Under the terms of the PA, the timeline for communicating NDCs is every five years, and as stated in Article 4, Section 3 of the PA, “Each Party’s successive nationally determined contribution will represent a progression beyond the Party’s then current nationally determined contribution and reflect its highest possible ambition.” The PA also sets a goal for “peaking of greenhouse gas emissions ... so as to achieve a balance between anthropogenic emissions by sources and removals by sinks of greenhouse gases.” Net-zero emissions is a similar term for achieving this balance. Net-zero emissions, or net-zero, refers to situations where human-caused GHG emissions are balanced by removal of GHG from the atmosphere.
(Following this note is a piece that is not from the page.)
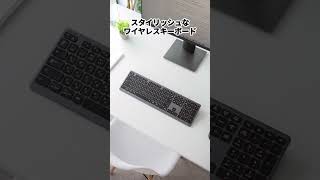 Bluetooth＋2.4GHzコンボキーボードの紹介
As part of a climate change mitigation strategy, some governments are developing GHG emissions reduction strategies that include domestic legislation to realize net-zero emissions and revising emissions reduction levels in the progression of NDCs. Some countries, including Japan and the United Kingdom, have updated their NDCs with increasingly ambitious emissions reduction goals and passed domestic net-zero emissions legislation. The United States has increased the ambition of the emissions reductions in an updated NDC, but has not, as of this writing, enacted domestic net-zero legislation.
With respect to the United States’ most recent NDCs, Congress may wish to exercise its oversight authorities in examining national progress toward fulfilling the updated U.S. NDCs. Congress could also consider options for shaping and funding the U.S. approach to the PA commitments. For example, there have been a number of legislative proposals introduced during the 117th Congress that seek to address a range of GHG emissions sources as part of an effort to move the United States toward net-zero emissions. The information provided in AR6 WGI may help to inform Congress when considering the United States’ participation in the PA and the most recent U.S. NDCs.